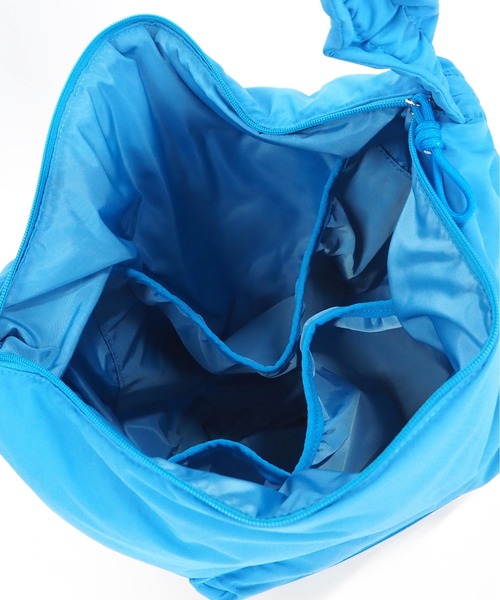 CONTROL FREAK（コントロールフリーク）の「CONTROL FREAK / CTFK（コントロールフリーク）撥水ギャザービッグショルダーバッグ（ショルダーバッグ・レディース・チャコール/オレンジ/ピンク/ブルー/シルバー/アイボリー・FREE）」の21枚目の写真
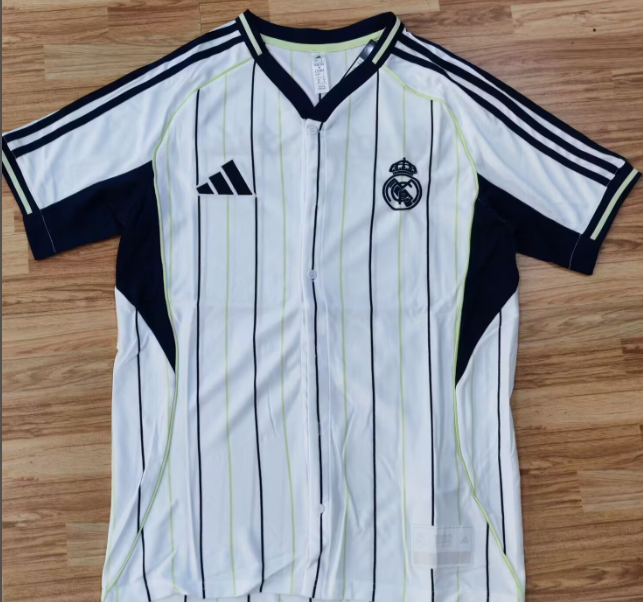 Real Madrid Baseball Jersey 2025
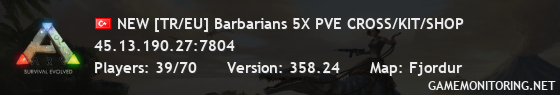 NEW [TR/EU] Barbarians 5X PVE CROSS/KIT/SHOP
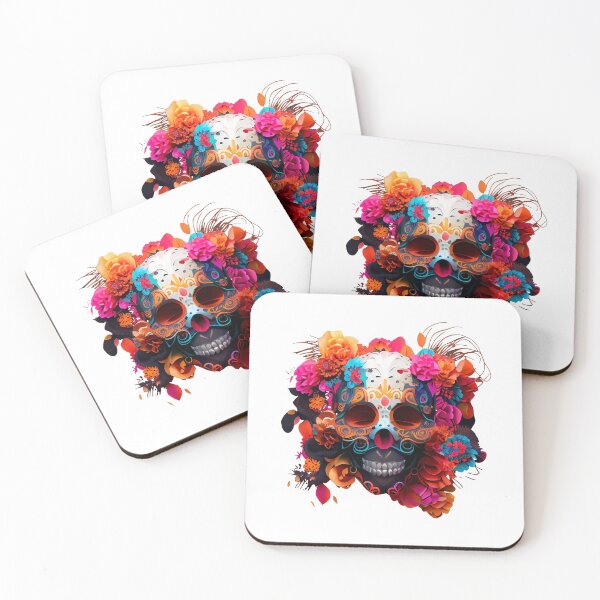 Item preview, Day of the Dead Calacas Rose designed and sold by PosterManiaRo.
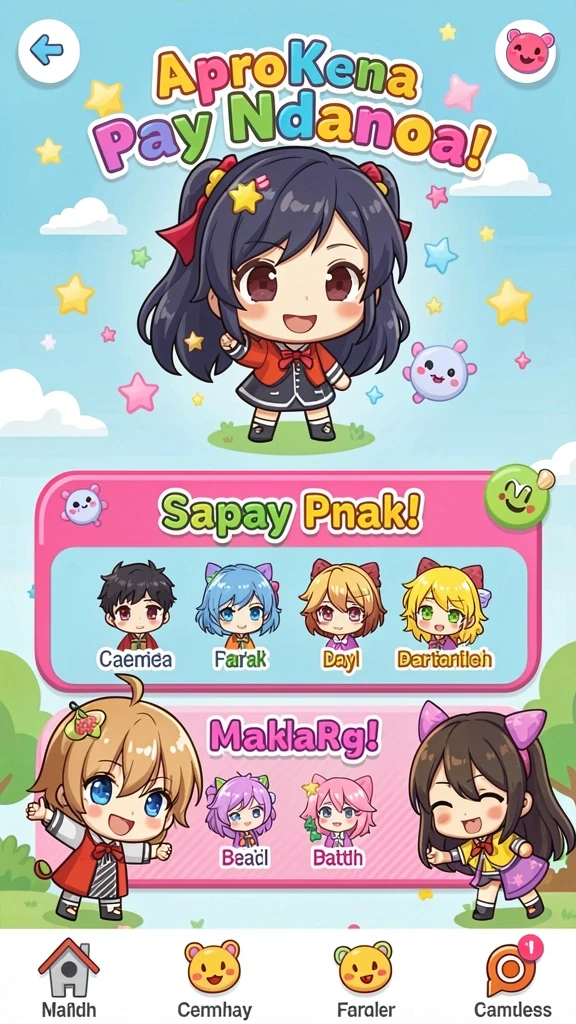 pprryy - Tampilan karakter yang menarik dan unik.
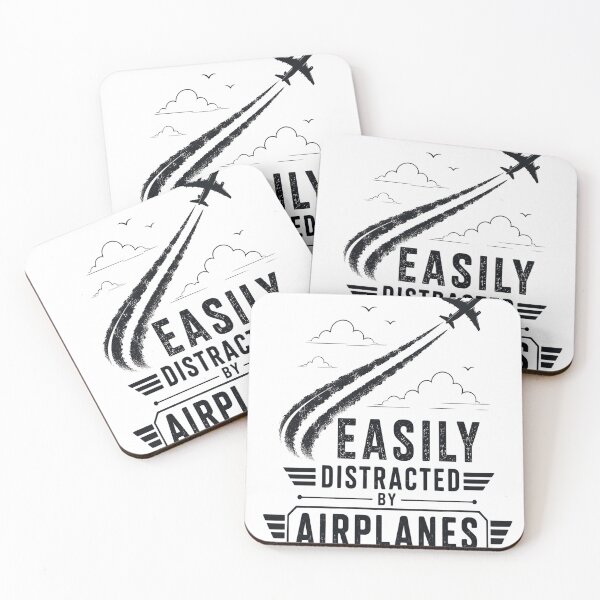 Item preview, Easily Distracted By Airplanes Contrail T-Shirt | Aviation Lover Gift | Minimal Flight Design designed and sold by Moh-nd-Eg.
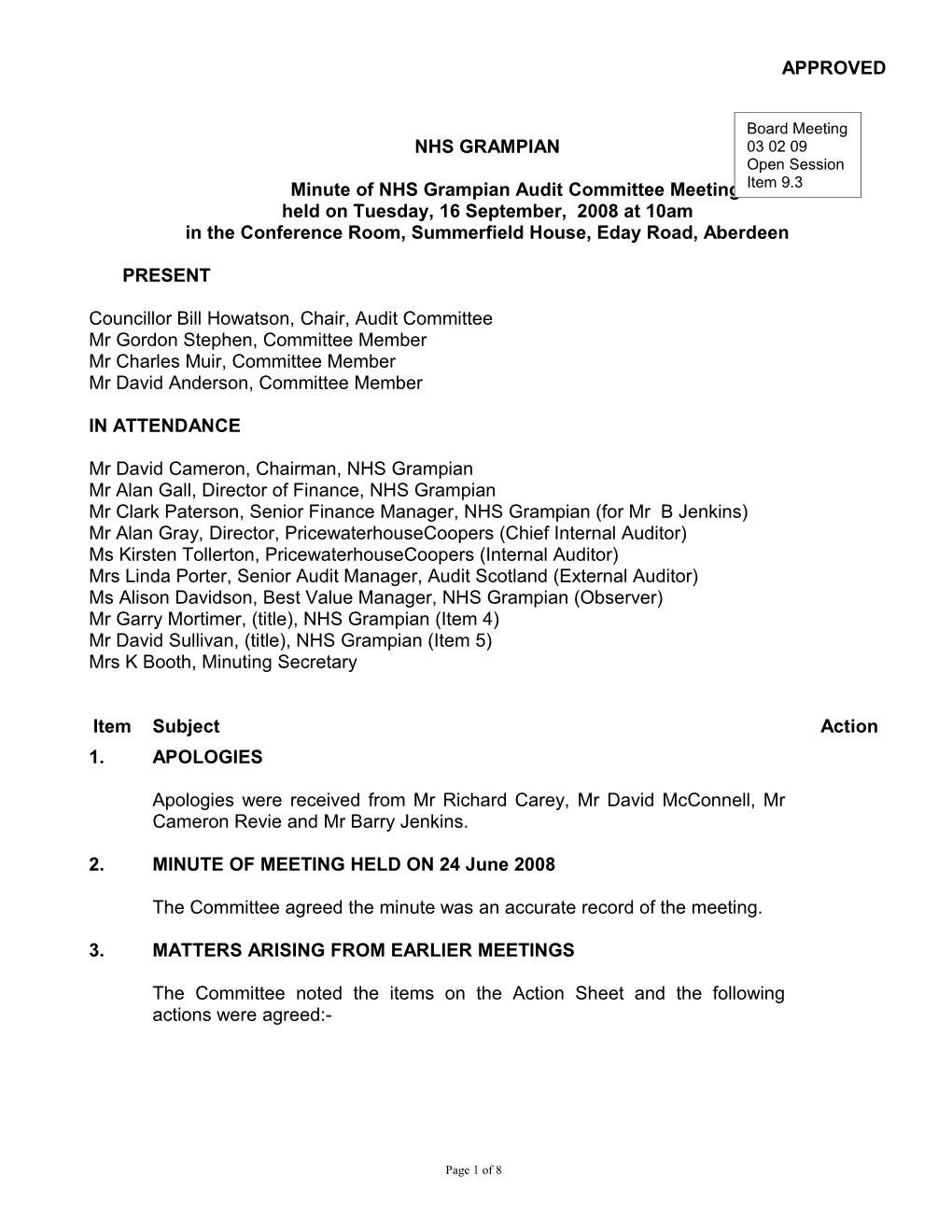 Item 9.3 Audit Committee 16 Sep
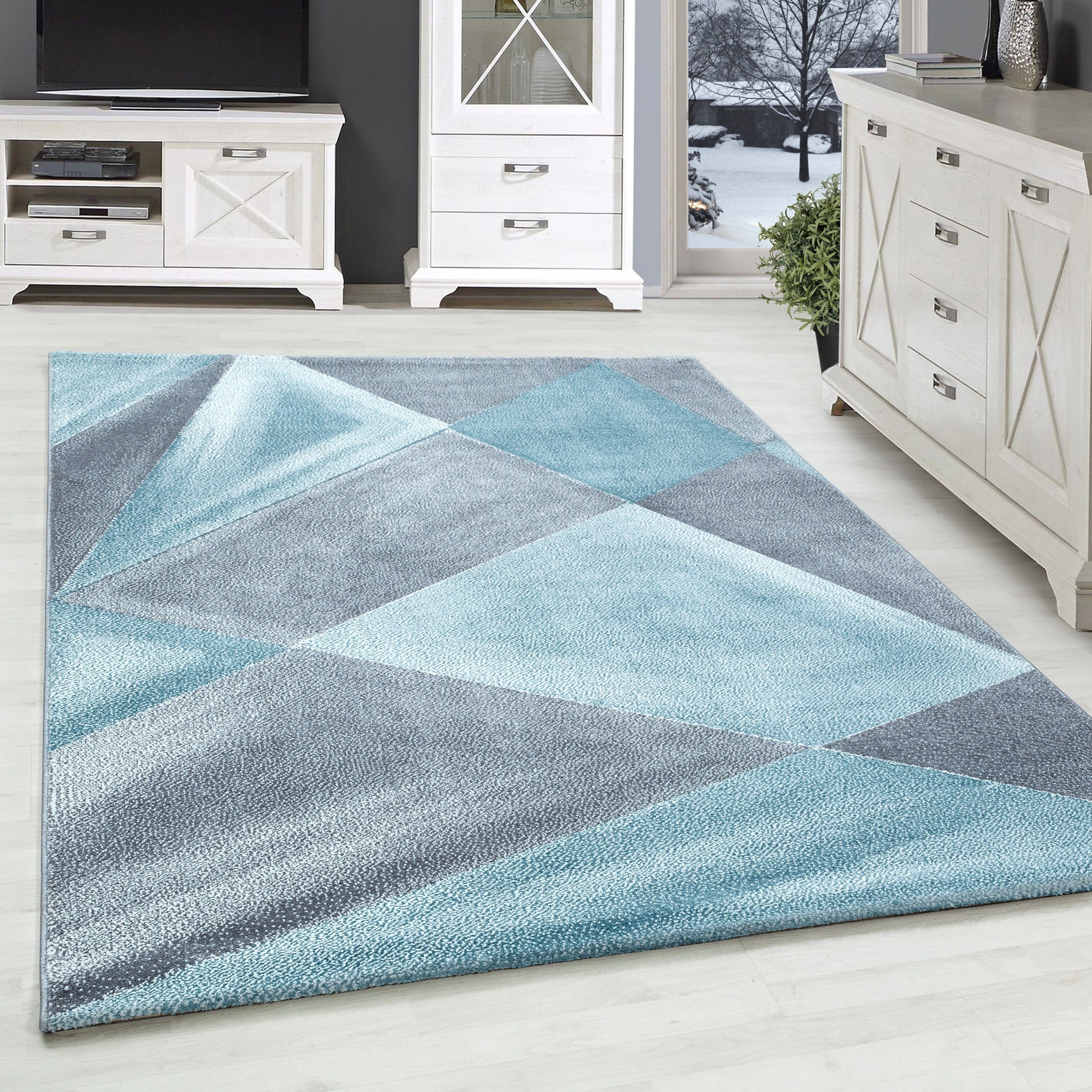 SIMPEX24 Teppich Geometrisch Design, Läufer, Höhe: günstig online kaufen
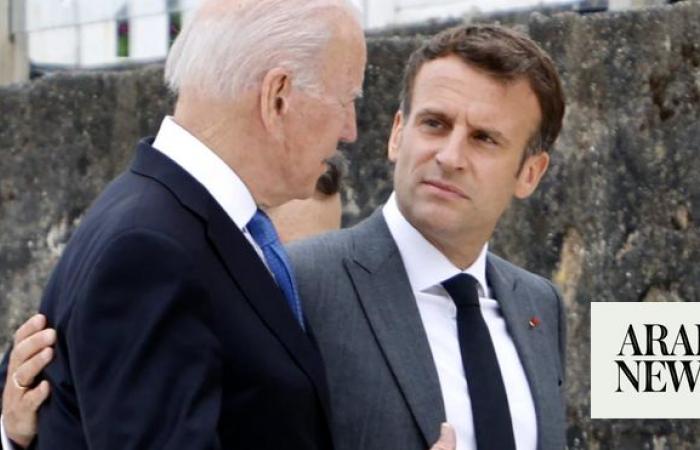 France’s Macron praises Biden’s ‘courage’ and ‘sense of duty’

···

Task to complete
Take the line with "pprryy - Tampilan" and each line after it through the end of the material above, and reproduce them exactly, both ends included, without pictures.

Written response
 pprryy - Tampilan karakter yang menarik dan unik.
 Item preview, Easily Distracted By Airplanes Contrail T-Shirt | Aviation Lover Gift | Minimal Flight Design designed and sold by Moh-nd-Eg.
 Item 9.3 Audit Committee 16 Sep
 SIMPEX24 Teppich Geometrisch Design, Läufer, Höhe: günstig online kaufen
 France’s Macron praises Biden’s ‘courage’ and ‘sense of duty’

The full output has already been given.